What this task involves
What you return must be the complete listing, unchanged.
(Supplied information Opens)
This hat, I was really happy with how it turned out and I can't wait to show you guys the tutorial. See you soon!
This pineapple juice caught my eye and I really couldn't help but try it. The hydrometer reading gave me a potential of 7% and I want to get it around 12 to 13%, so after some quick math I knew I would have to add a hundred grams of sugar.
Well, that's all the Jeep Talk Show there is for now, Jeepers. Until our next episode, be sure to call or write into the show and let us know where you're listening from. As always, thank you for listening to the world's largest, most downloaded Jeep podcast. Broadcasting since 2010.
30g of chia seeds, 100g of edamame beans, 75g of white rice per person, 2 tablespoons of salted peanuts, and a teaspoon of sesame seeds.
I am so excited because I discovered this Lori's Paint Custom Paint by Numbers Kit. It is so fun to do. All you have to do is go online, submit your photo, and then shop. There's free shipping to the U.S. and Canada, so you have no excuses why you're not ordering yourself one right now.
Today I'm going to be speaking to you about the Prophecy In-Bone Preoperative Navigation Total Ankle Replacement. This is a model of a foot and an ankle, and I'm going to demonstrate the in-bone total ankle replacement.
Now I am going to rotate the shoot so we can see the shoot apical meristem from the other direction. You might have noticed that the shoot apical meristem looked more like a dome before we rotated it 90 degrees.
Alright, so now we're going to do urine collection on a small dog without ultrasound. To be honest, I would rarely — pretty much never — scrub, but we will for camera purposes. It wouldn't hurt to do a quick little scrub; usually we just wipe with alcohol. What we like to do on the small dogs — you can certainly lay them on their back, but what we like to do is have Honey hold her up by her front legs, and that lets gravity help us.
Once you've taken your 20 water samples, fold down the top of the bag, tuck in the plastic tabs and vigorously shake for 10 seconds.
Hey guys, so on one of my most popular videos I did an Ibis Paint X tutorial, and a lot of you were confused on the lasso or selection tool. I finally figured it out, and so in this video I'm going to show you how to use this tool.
(Supplied information Closes)
Answer to the exercise
This hat, I was really happy with how it turned out and I can't wait to show you guys the tutorial. See you soon!
This pineapple juice caught my eye and I really couldn't help but try it. The hydrometer reading gave me a potential of 7% and I want to get it around 12 to 13%, so after some quick math I knew I would have to add a hundred grams of sugar.
Well, that's all the Jeep Talk Show there is for now, Jeepers. Until our next episode, be sure to call or write into the show and let us know where you're listening from. As always, thank you for listening to the world's largest, most downloaded Jeep podcast. Broadcasting since 2010.
30g of chia seeds, 100g of edamame beans, 75g of white rice per person, 2 tablespoons of salted peanuts, and a teaspoon of sesame seeds.
I am so excited because I discovered this Lori's Paint Custom Paint by Numbers Kit. It is so fun to do. All you have to do is go online, submit your photo, and then shop. There's free shipping to the U.S. and Canada, so you have no excuses why you're not ordering yourself one right now.
Today I'm going to be speaking to you about the Prophecy In-Bone Preoperative Navigation Total Ankle Replacement. This is a model of a foot and an ankle, and I'm going to demonstrate the in-bone total ankle replacement.
Now I am going to rotate the shoot so we can see the shoot apical meristem from the other direction. You might have noticed that the shoot apical meristem looked more like a dome before we rotated it 90 degrees.
Alright, so now we're going to do urine collection on a small dog without ultrasound. To be honest, I would rarely — pretty much never — scrub, but we will for camera purposes. It wouldn't hurt to do a quick little scrub; usually we just wipe with alcohol. What we like to do on the small dogs — you can certainly lay them on their back, but what we like to do is have Honey hold her up by her front legs, and that lets gravity help us.
Once you've taken your 20 water samples, fold down the top of the bag, tuck in the plastic tabs and vigorously shake for 10 seconds.
Hey guys, so on one of my most popular videos I did an Ibis Paint X tutorial, and a lot of you were confused on the lasso or selection tool. I finally figured it out, and so in this video I'm going to show you how to use this tool.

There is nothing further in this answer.